Sep 17, 2016

Spark SQL connector design

Now that we have discussed the Data Source API in general it's time to consider what happens when you actually start coding. This post will rely on the first iteration of my experiment. I cannot promise that its design follows the only possible allocation of responsibilities. It will also not work in a real cluster because for the time being I am ignoring the need for a DFS. 

What is real are interactions between the abstractions comprising the connector, a few useful RDD/SparkContext API tidbits, and the problems one faces trying to write a connector for a non-trivial storage from scratch.

As I mentioned before, I am using Lucene to represent the data storage to integrate into Spark. For simplicity sake I am making a few assumptions here: only point fields are supported, a field visitor is used to retrieve values, no effort is made to implement a scalable iterator-based approach to search. 

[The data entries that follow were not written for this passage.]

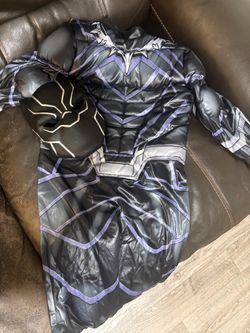 Costume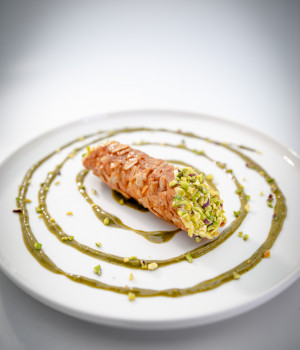 Cannolo pistacchioso al tiramisù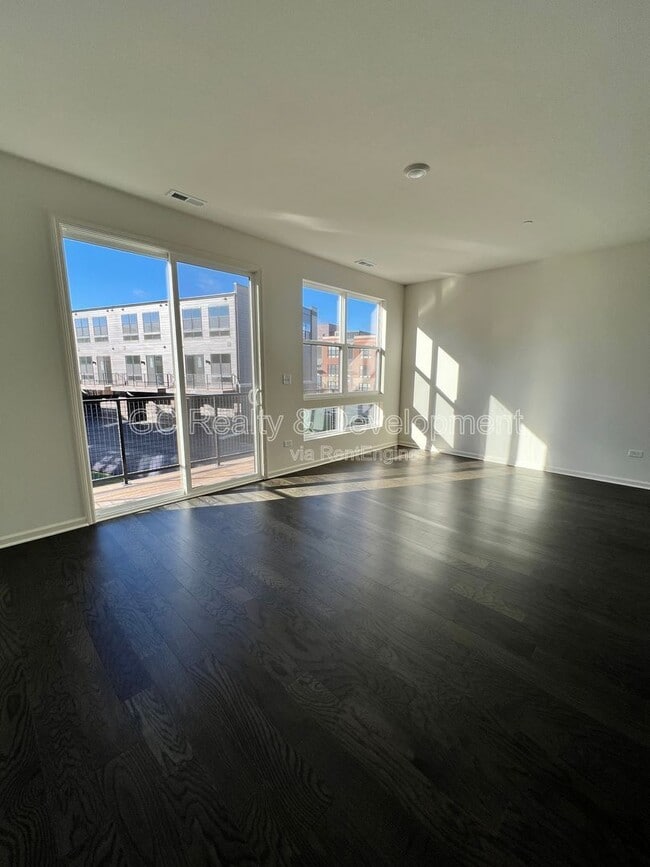 Foto del edificio - 1265 Lakepointe Dr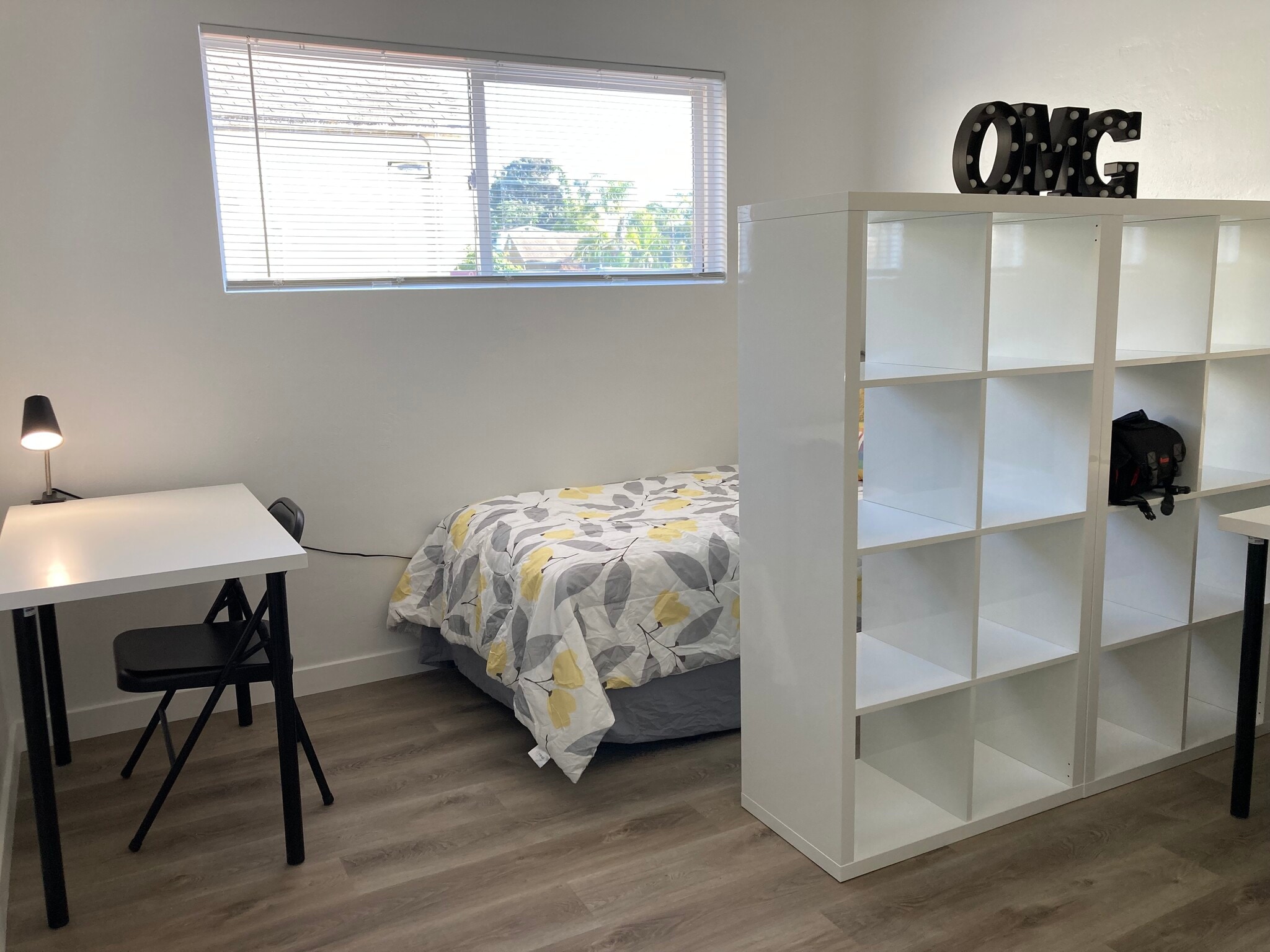 1st bedroom set as a double - 4411 Kendall St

Squeezing performance from Lucene quickly leads away from the standard API and so remains out of scope. I am actually curious about the latency achievable when millions of documents with DocValue fields are retrieved and one day I could end up trying it.

Connector structure

There are many Spark connectors like it, but this one is mine :) To begin with let me introduce key abstractions and their responsibilities:
  • DefaultSource - the connector entry point that is essentially a factory of LuceneRelation instances
  • LuceneRelation - represents an application-specific dataset (e.g. the data that belongs to a particular version of some tenant's data); technically, it incapsulates a LuceneRDD and its schema
  • LuceneRDD - an RDD of LucenePartitions; one way to think about it is a facade for multiple storage partitions. Every store or retrieve operation is delegated to all the partitions.
  • LucenePartition - a subset of original data operated on by Spark as an RDD partition (i.e. iterator of Rows); an entire partition can be retrieved from storage or its subset can be specified with a combination of required columns and row filters
  • Spark API extensions - a package object making possible to add methods to DataFrame and SQLContext

In addition to the aforementioned classes that mostly implement Data Source API interfaces there are a couple less generic classes:
  • LuceneSchema - the data schema representation used by the connector and comprised of a Spark schema (fields types) and a Lucene schema (can a field be retrieved and/or filtered on?). The latter is necessary because not all Lucene documents are required to have all the fields and so reverse engineering the schema from a Lucene index would be prohibitively expensive
  • LucenePartitionStorage - a means of using different storage implementations in read and write paths. In the read path the storage is an actual Lucene index. In the write path the storage is a temporary in-memory data structure holding DataFrame rows before they are written to Lucene index.
To better understand how these abstractions fit each other let's consider interactions among them in the write path and the read path separately. Both paths are used by a unit test and can be seen in action.

Write path

The write path starts from a DataFrame instance that you want to write to the storage. You also need to come up with a file system path (e.g. a tenant-specific subdirectory under some root location) and a Lucene schema (to let Lucene know which fields to index and/or store).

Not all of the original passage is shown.